ASSIGNMENT:
Please return the full listing word for word, leaving out any pictures.

DATA BELOW:
⁂

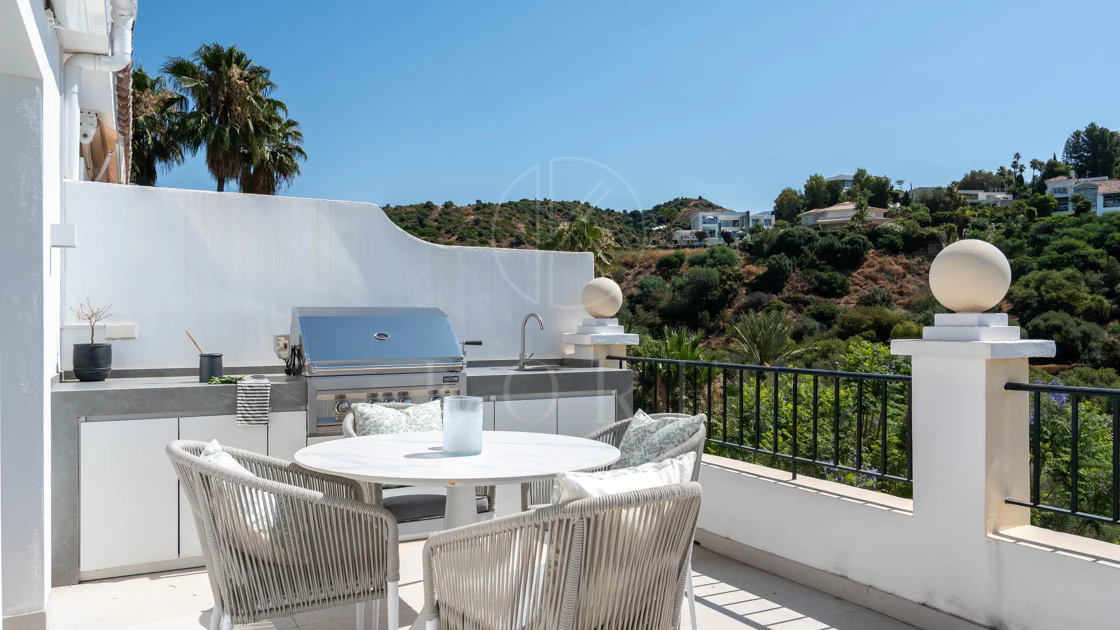 Exclusivo apartamento de 2 dormitorios con vistas panorámicas en Los Arcos (La Quinta), Benahavís
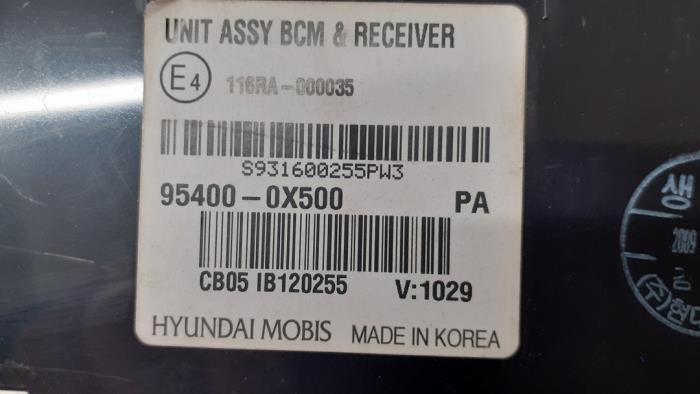 Steuergerät Body Control van een Hyundai i10 (F5) 1.1i 12V 2010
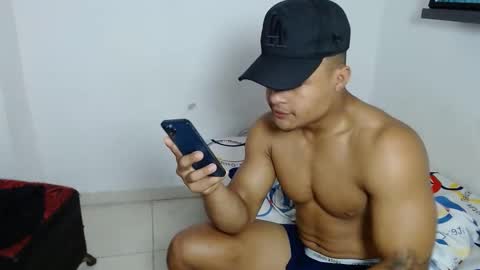 Snapshot of lordblaze_ chatting on 10-11-25, 04:49 Dominic online show from 10-11-25, 04:49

⁂

EXERCISE SOLUTION:
 Exclusivo apartamento de 2 dormitorios con vistas panorámicas en Los Arcos (La Quinta), Benahavís
 Steuergerät Body Control van een Hyundai i10 (F5) 1.1i 12V 2010
 Snapshot of lordblaze_ chatting on 10-11-25, 04:49 Dominic online show from 10-11-25, 04:49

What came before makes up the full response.